Not too many can say they’ve been with a professional sports team for 17 years, but longtime broadcaster Larry Burnett can.
He called games, did color commentary and conducted post-game interviews for the Los Angeles Sparks since their first season in 1997. He saw the Sparks raise two WNBA Championship banners, witness numerous heart-stopping game moments, and he watched dozens of players cycle through the roster over the years.
But prior to the beginning of this season’s training camp, Burnett was one of a few employees that weren’t retained by the Sparks after Magic Johnson bought the team in February. Burnett has since moved on, but he carries many memories of working with the Sparks. He recently sat down with me to reminisce.
“In the early days of the team especially, there was a lot of laughter. The team had so much fun together,” Burnett said. “The bus rides were some of the best times, as players told jokes, sang songs and played pranks on each other.”
Coach Michael Cooper, who now heads up the Atlanta Dream, and Karleen Thompson, who is his assistant there, were once coach and player for Los Angeles. Burnett said Thompson was one of the funniest people he’d ever met.
“Cooper and Thompson had a running joke, and it would carry throughout the duration of road trips,” he said. “They had us all laughing.”
Then there was Haixia Zheng – the 6-foot-8-inch, 254-pound center from China who played for the Sparks their first two seasons. At the time, she was the biggest player in the league, and intimidated opponents.
“She was huge,” Burnett recollected. “Trying to fit into airplane seats was an episode for her.”
Zheng, however, was a gentle giant, and she loved children.
“In airports she’d see a complete stranger with a baby and she’d walk over and pick it up,” Burnett said. “You should have seen the looks on some of those mom’s faces.”
Burnett recalls one of the Sparks’ Championship parade celebrations, which ended at City Hall. At one point during the festivities, then-Mayor James Hahn got up on a table and started dancing.
“I’d never seen a politician do that,” Burnett said.
For all the memories, Burnett can rank his top three:
1. Lisa Leslie’s dunk against the Miami Sol in 2002, which marked the first time a WNBA player dunked in a game. (The record stood until 2008, when Sparks rookie Candace Parker dunked).
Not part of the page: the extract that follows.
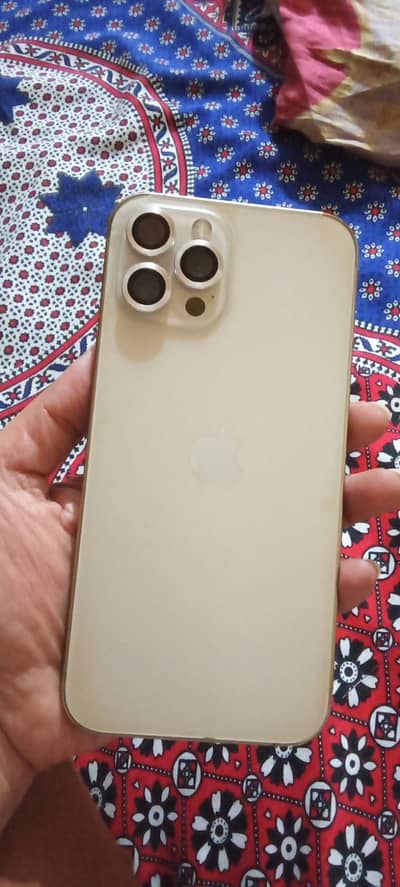 Apple iPhone 12 Pro Max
“I was glad to be in the upper broadcast area that night, because I could see the play – and the possibility – evolving,” Burnett said. “The call might not have been as good had we been broadcasting courtside. I was pleased that I didn’t screw up the call for history sake.”
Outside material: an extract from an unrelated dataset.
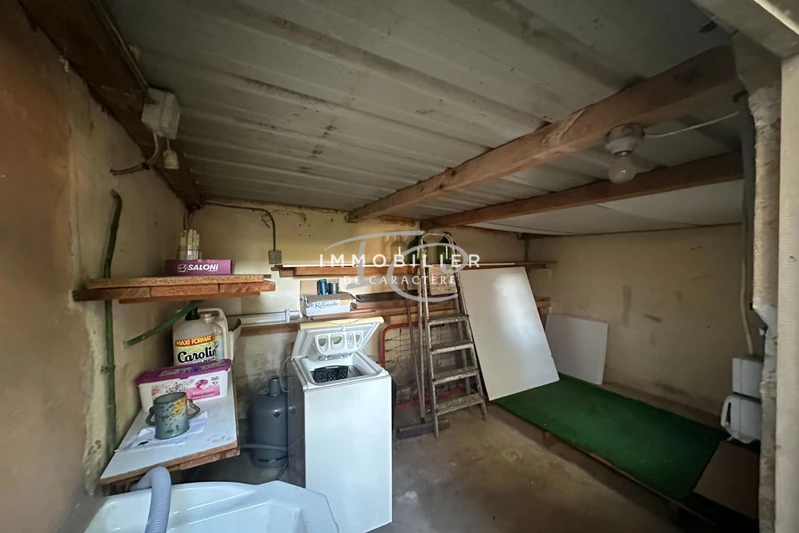 Vente maison Cavalaire-sur-Mer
2. Nikki Teasley’s three-point shot, which was good enough to put LA over the Liberty for the 2002 Championship.
“I don’t think anyone has ever heard it, but I loved the call,” Burnett said. “Since it was the Finals, the television network took over and we weren’t allowed to do our Sparks’ broadcast, so I took a tape recorder to Staples Center and called the game.”
“I thought that if the Sparks won the title, they should have a copy of the game with their broadcaster calling it. That finish was exciting! I can still see Nikki T stepping up and knocking down that shot.”
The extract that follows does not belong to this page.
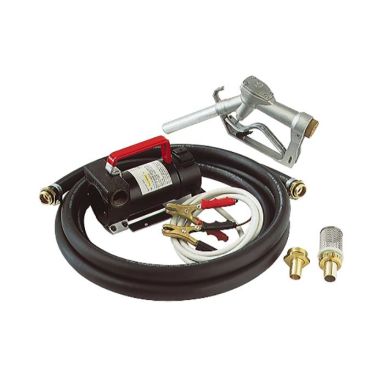 Piusi 2000 Pumpkit 24 V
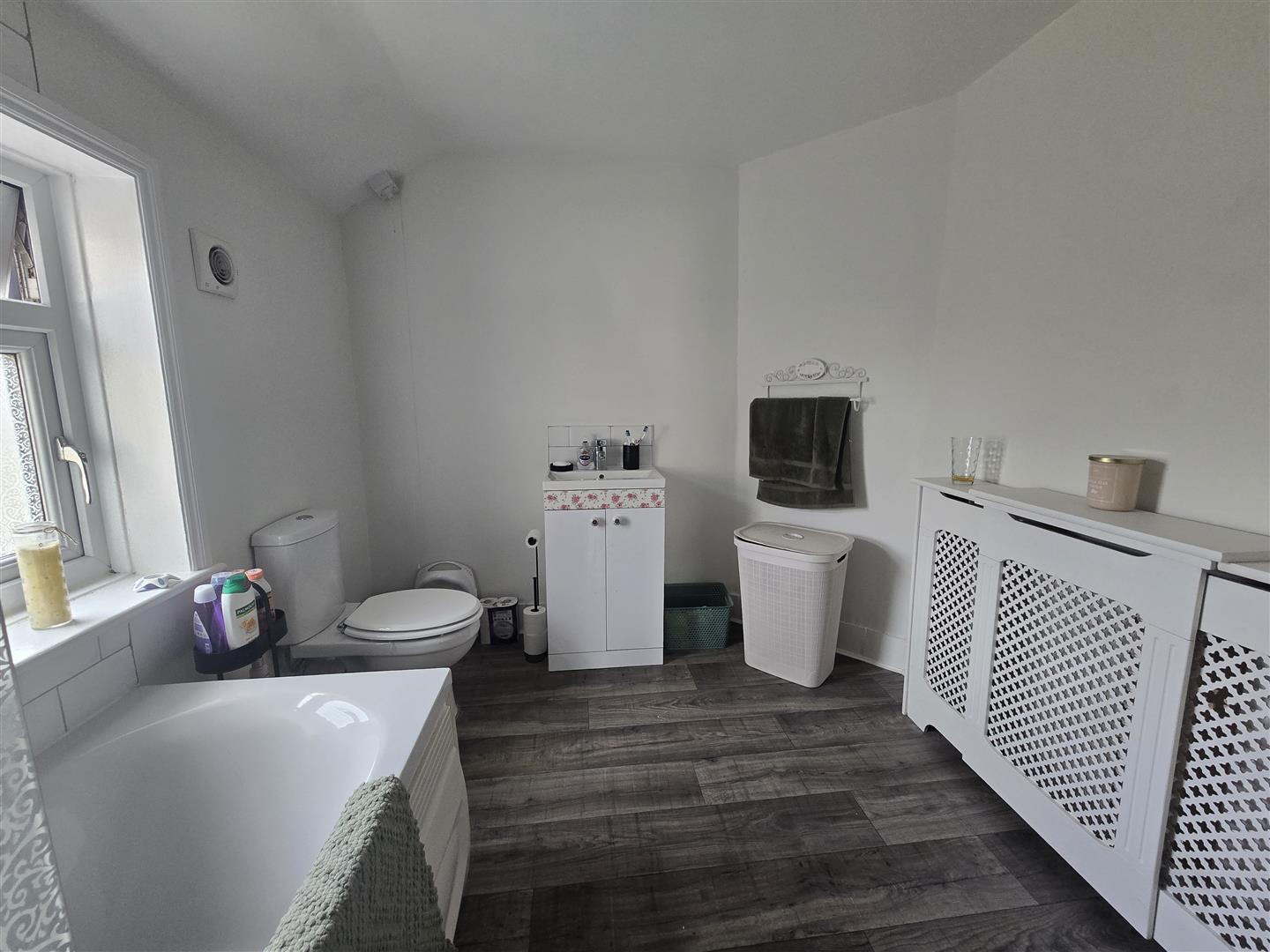 Flat Percy Road in Thanet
3. Kristi Toliver’s game-winner versus Tulsa in 2012.
“That was pure passion and excitement from my perspective,” Burnett said. “The game had so many ebbs & flows, so many momentum shifts.”
“Kristi had a horrible game, but never gave up. Her persistence paid off in a huge way. Sometimes I surprise myself when I listen back to a tape and hear how excited I got. That may have been as excited as I ever got during my 16 seasons with the Sparks. That was a really fun call.”